## [INFORMATION SHOWN]
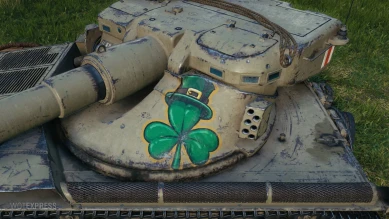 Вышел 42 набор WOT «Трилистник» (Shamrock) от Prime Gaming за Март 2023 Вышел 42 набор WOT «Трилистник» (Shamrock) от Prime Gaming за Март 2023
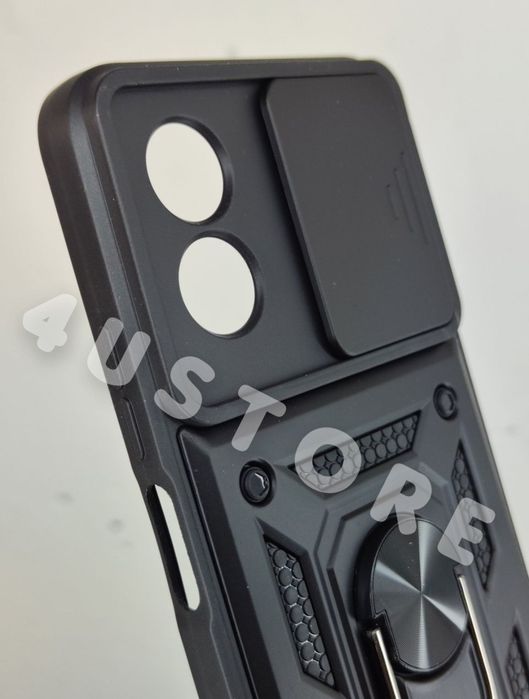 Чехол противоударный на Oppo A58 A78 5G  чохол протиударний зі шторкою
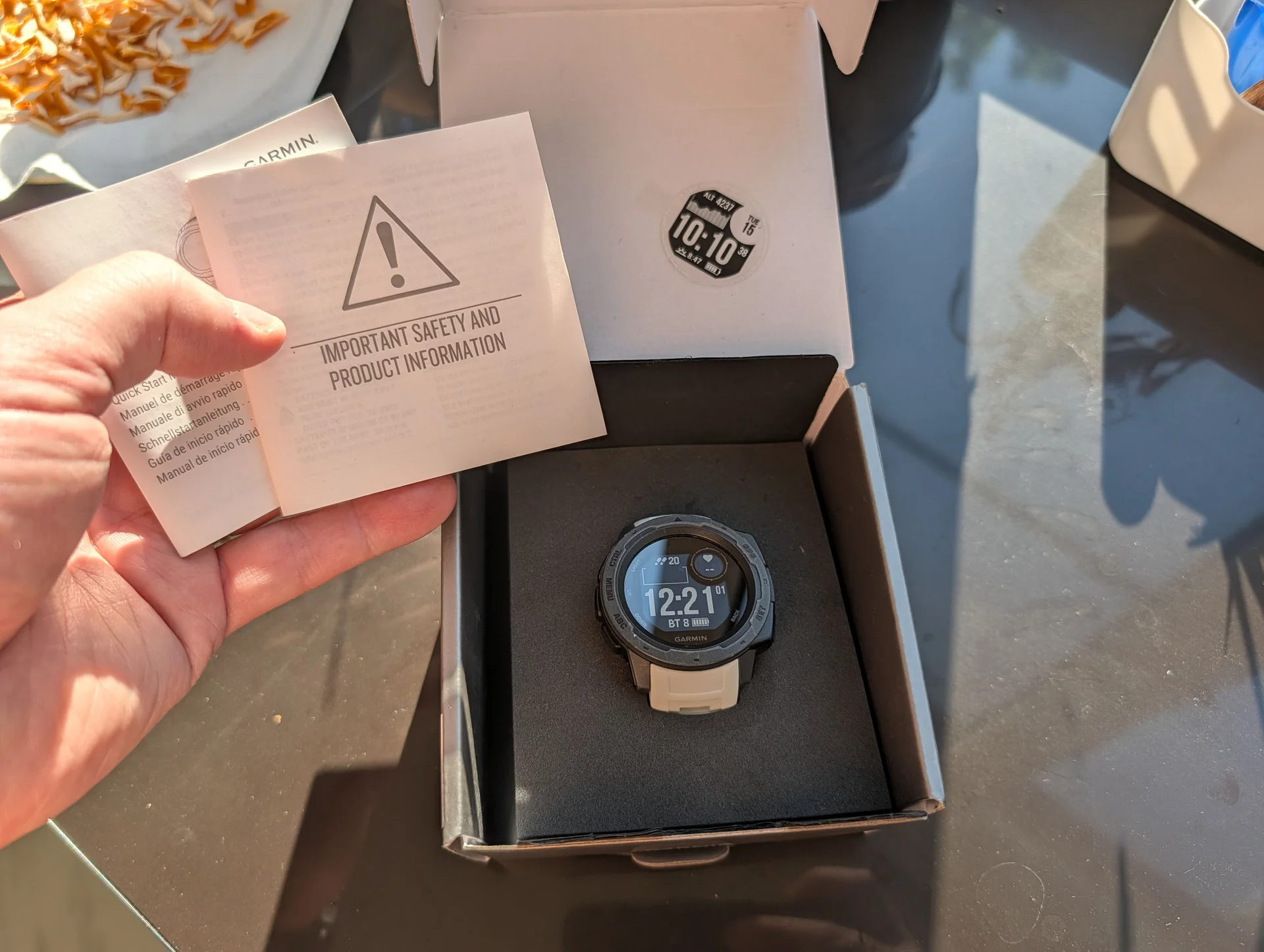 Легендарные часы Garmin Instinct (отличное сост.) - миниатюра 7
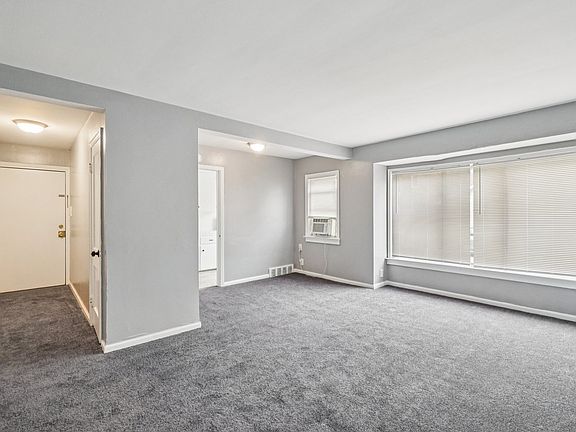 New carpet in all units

## [TASK TO COMPLETE]
Ignore the images and quote every line of the listing exactly.

## [TASK RESPONSE]
 Вышел 42 набор WOT «Трилистник» (Shamrock) от Prime Gaming за Март 2023 Вышел 42 набор WOT «Трилистник» (Shamrock) от Prime Gaming за Март 2023
 Чехол противоударный на Oppo A58 A78 5G  чохол протиударний зі шторкою
 Легендарные часы Garmin Instinct (отличное сост.) - миниатюра 7
 New carpet in all units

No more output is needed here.